Exercise data:
• • • •
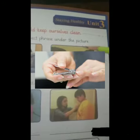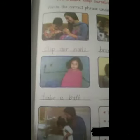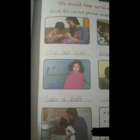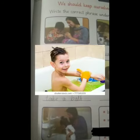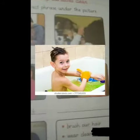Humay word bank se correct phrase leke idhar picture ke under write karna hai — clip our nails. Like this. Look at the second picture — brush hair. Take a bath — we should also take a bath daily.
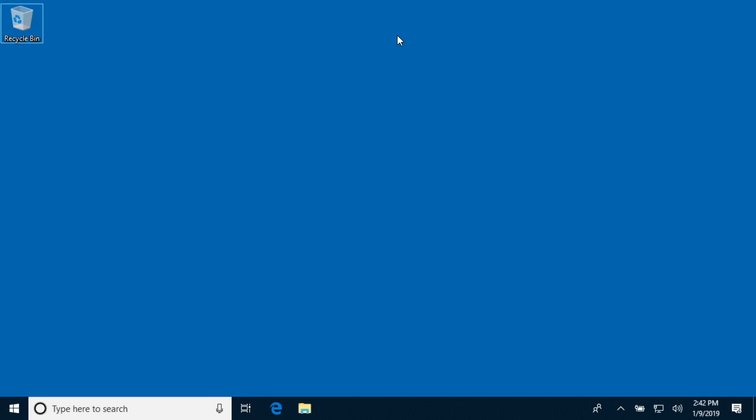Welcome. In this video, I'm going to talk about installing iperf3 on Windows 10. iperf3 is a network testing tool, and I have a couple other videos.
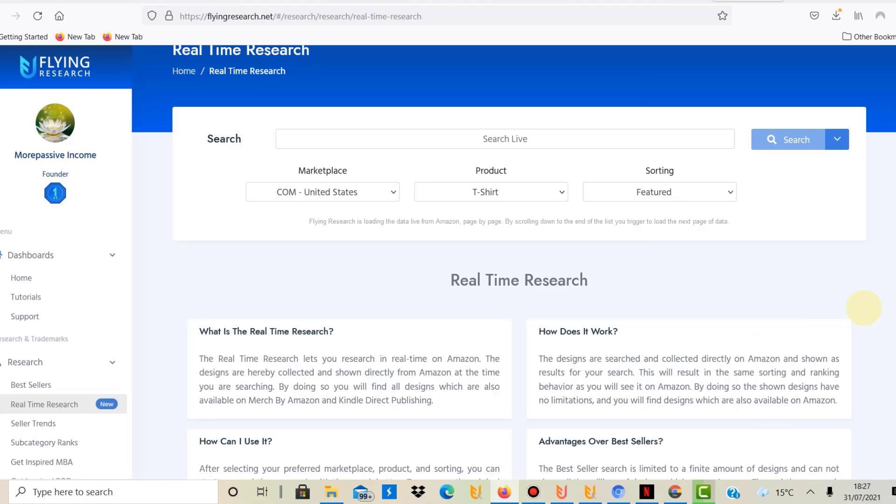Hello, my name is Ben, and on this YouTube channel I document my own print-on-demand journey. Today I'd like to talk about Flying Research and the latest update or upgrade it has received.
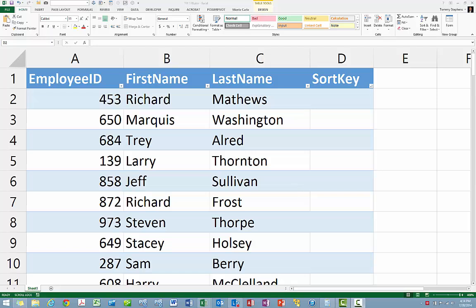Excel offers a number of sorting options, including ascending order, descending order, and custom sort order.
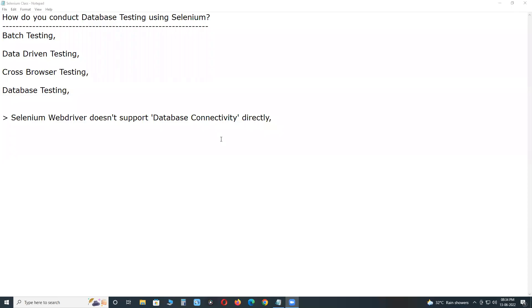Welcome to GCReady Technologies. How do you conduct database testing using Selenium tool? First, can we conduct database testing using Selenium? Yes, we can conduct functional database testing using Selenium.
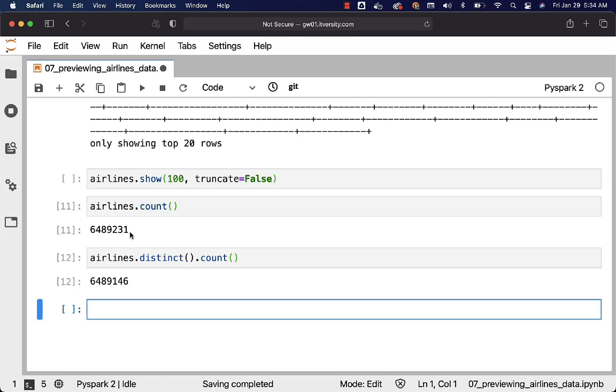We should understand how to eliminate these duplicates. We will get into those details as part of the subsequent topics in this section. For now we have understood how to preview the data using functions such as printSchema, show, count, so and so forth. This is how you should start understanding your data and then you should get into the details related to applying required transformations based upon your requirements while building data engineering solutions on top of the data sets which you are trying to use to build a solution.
• • • •
Task description: What is needed is an exact copy of the lines above, from the one holding "Hello, my name" down to the one holding "Excel offers a", with those two included and the pictures left out.

The completed task:
Hello, my name is Ben, and on this YouTube channel I document my own print-on-demand journey. Today I'd like to talk about Flying Research and the latest update or upgrade it has received.
Excel offers a number of sorting options, including ascending order, descending order, and custom sort order.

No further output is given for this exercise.